Uno de los hitos de la civilización es el comienzo de la agricultura y, por los descubrimientos realizados en Abu Hureyra (Siria), hoy sabemos que ese fenómeno se produjo hace 11 000 años en una zona alrededor de los ríos Tigris y Éufrates, justo en el extremo oriental del Mediterráneo. Las especiales características de este mar ‑posee cuatro penínsulas y el 40% de su longitud costera pertenece a islas‑ le hacen idóneo para la comunicación de unos pueblos con otros, y por ello, en esa cazuela que forman los países ribereños desde Mesopotamia hasta la Península Ibérica, se produjo una rápida expansión de la agricultura. En esas zonas ribereñas al mar Mediterráneo ‑Mar en medio de las tierras‑ estuvo situado uno de los alfares de nuestra civilización actual; y, por ello, las comarcas europeas de esas zonas son como un inmenso museo con vestigios de las culturas que, desde hace 11 000 años, se han ido sucediendo (sumerios, asirios, egipcios, fenicios, persas, griegos, romanos, etc.).
El área ocupada por el mundo rural de las zonas españolas, con los problemas planteados anteriormente, está constituido por pueblos y aldeas que poseen auténticas joyas de arquitectura, escultura, pintura, yacimientos arqueológicos, etc.; elementos que, por estar situados en pequeños pueblos rurales, no se valoran lo suficiente, aunque si alguno de ellos fuera exportado a países desarrollados y con menor depósito cultural antiguo ‑EE UU., Australia, Canadá…‑, es muy probable que allí fuera declarado monumento nacional.
Se podría plantear que la custodia de dicho patrimonio fuera realizada, en esos pueblos fantasmas, por empresas especializadas; o con empleados públicos, desde ciudades situadas en lugares estratégicos; pero ello no parece realizable.
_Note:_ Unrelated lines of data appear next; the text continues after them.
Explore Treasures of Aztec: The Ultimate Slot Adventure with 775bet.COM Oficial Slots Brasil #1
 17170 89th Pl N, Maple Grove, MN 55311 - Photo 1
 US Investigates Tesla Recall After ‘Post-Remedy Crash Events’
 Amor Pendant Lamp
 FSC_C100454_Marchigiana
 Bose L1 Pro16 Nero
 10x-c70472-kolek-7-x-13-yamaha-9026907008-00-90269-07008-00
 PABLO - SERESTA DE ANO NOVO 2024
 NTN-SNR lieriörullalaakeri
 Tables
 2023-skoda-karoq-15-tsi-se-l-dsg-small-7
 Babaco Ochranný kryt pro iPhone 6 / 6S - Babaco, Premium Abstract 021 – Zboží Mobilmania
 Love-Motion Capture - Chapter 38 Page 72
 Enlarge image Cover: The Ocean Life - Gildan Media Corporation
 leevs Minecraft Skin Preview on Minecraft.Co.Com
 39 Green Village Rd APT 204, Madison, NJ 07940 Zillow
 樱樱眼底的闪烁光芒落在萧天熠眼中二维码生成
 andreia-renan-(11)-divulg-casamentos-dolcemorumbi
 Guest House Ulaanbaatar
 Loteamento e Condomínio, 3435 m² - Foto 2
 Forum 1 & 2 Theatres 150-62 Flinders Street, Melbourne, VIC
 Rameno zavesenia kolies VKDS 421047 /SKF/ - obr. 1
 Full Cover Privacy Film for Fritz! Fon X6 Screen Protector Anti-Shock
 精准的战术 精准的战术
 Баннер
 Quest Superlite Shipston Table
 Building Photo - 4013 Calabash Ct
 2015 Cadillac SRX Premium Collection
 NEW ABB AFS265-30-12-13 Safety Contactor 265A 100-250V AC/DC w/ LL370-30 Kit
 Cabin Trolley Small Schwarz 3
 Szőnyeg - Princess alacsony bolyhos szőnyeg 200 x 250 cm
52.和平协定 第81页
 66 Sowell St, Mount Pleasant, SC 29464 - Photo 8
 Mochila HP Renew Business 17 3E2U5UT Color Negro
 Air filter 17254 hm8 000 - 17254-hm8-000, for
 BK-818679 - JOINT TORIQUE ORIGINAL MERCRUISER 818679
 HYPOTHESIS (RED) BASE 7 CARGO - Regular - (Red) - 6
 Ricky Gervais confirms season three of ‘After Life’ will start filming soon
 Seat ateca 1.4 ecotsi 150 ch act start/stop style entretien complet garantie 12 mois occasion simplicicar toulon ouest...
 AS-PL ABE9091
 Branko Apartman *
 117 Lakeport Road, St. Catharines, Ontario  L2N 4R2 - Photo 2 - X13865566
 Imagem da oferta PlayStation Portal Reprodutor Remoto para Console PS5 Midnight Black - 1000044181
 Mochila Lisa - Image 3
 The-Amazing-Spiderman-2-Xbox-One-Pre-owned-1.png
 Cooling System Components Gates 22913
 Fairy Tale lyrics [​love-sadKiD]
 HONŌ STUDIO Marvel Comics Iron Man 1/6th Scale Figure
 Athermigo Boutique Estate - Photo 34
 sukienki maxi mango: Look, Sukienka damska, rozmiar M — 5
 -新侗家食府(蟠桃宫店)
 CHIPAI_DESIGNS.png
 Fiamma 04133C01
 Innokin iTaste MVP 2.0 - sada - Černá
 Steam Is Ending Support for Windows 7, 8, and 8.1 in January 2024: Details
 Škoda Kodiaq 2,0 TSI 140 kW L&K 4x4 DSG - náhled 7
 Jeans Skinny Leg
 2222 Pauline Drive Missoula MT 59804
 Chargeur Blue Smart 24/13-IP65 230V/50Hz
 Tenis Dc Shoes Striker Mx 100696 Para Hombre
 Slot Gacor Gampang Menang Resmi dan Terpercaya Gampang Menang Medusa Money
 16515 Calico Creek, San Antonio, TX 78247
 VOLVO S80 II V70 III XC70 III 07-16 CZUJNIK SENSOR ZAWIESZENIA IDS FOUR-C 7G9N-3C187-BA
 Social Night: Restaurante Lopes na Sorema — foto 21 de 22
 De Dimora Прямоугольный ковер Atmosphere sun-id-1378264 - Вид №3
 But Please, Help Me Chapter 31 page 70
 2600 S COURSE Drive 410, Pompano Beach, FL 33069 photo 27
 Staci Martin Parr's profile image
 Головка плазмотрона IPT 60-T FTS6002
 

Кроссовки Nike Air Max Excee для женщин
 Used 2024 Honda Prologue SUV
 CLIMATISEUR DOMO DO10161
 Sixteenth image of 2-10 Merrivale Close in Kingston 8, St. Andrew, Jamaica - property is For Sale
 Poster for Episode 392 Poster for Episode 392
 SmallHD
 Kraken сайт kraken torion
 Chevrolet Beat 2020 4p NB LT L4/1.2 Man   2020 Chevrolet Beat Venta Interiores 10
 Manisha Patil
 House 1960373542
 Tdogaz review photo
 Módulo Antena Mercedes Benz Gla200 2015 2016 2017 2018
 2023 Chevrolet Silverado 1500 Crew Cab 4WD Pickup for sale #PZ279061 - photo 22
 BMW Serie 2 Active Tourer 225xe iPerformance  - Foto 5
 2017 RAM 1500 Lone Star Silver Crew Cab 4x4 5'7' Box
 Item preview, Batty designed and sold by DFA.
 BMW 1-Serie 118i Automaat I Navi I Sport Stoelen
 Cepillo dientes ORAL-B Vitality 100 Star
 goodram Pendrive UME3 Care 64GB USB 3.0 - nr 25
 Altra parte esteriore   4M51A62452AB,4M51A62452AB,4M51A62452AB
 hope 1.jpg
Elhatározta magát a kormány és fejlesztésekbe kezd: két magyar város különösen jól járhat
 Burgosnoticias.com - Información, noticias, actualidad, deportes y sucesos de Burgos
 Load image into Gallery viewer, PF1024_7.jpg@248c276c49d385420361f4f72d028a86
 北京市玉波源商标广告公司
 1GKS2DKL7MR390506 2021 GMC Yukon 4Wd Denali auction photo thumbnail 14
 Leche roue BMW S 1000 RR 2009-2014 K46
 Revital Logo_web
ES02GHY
El presidente Sarkozy, refiriéndose a algunas comarcas francesas con estos problemas, ha dicho: No se puede relegar a los agricultores a una condición de jardineros de la naturaleza o de agentes municipales mediante obligaciones imaginadas desde París y absolutamente inaplicables en el terreno. Crear industrias en estos lugares, aunque fueran derivadas de los productos agrícolas, serviría para crear riqueza; pero difícilmente evitaría el problema de la brutal despoblación que se está produciendo en estas zonas. Y programar, como ambición política, la creación en ese mundo rural de un Silicon Valley con industrias biotecnológicas y empresas de investigación, sería como “El cuento de la Lechera”, pero más fantástico todavía.